We are not into the third month but I have the feeling we have seen the most preposterous film of the year. The Life Of David Gale is so unbelievable, so one-dimensional in championing the abolition of the death penalty that it may embarrass even the most articulate opponents of capital punishment.
If you want to see a more realistic and far more honest statement against the death penalty, see the off-Broadway hit Exonerated and check if there is a single dry eye in the theatre.
The well-advertised Gale has been directed by Alan Parker (Mississippi Burning) with such misplaced enthusiasm that it ends up looking ridiculous. The story grapples with half a dozen emotional issues, but is seldom engaging. There is no genuine tension to qualify it as first rate drama.

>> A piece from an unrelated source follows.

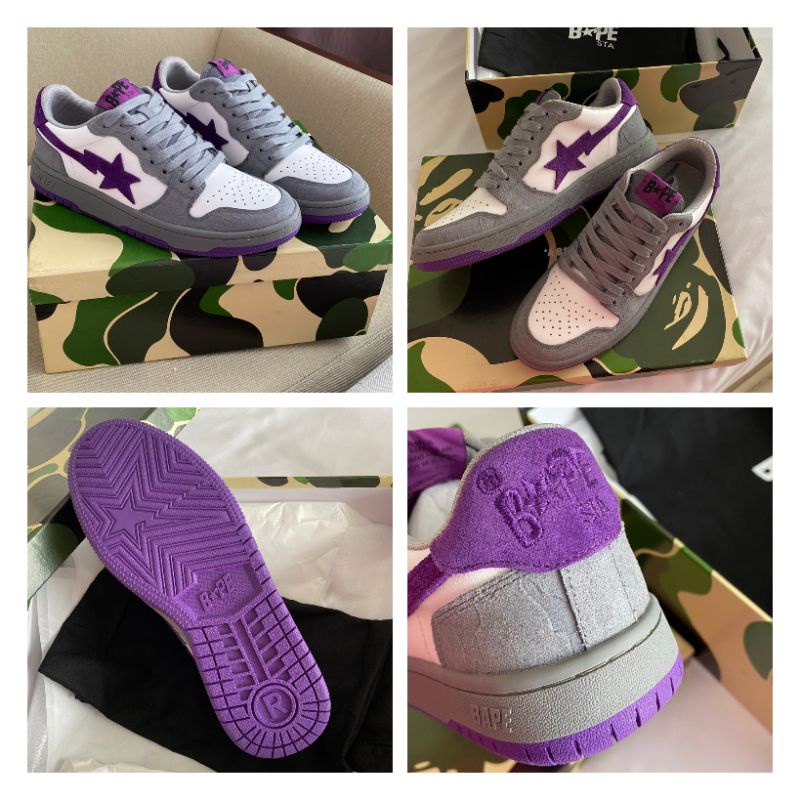 sepatu bape sta impor versi kualitas tertinggi 5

Despite the artistes, especially the wrongly accused philosophy professor David Gale (Kevin Spacey [ Images ]) and journalist Bitsey Bloom (Kate Winslet [ Images ]) working hard, the movie cannot ignite its emotions.
Laura Linney cannot save the muddled movie either. As the woman fighting to save others' lives while her own days are numbered, she offers a luminous performance, perhaps the only saving grace in this film based on Charles Randolph's screenplay. It is a heartbreaking performance.
Watch her discussing her sex life with Gale just before she dies and check your pulse. It is one of the few heart-wrenching scenes in the film. Her death scene is one of the most disturbing and violent scenes I have watched recently.
Films with a passionate point of view don't have to be bad. Remember Platoon? Or The China Syndrome. Or Z, one of the best political thrillers ever made. And let us not forget Dead Man Walking, the stimulating and heartfelt film which, while condemning the death penalty, refused to give us a one-dimensional view.
Parker's movies, including Midnight Express set in a brutal Turkish prison, have proved that films with strong viewpoints can hold the attention, raise a few controversies, and make decent money.
But this film is a bomb.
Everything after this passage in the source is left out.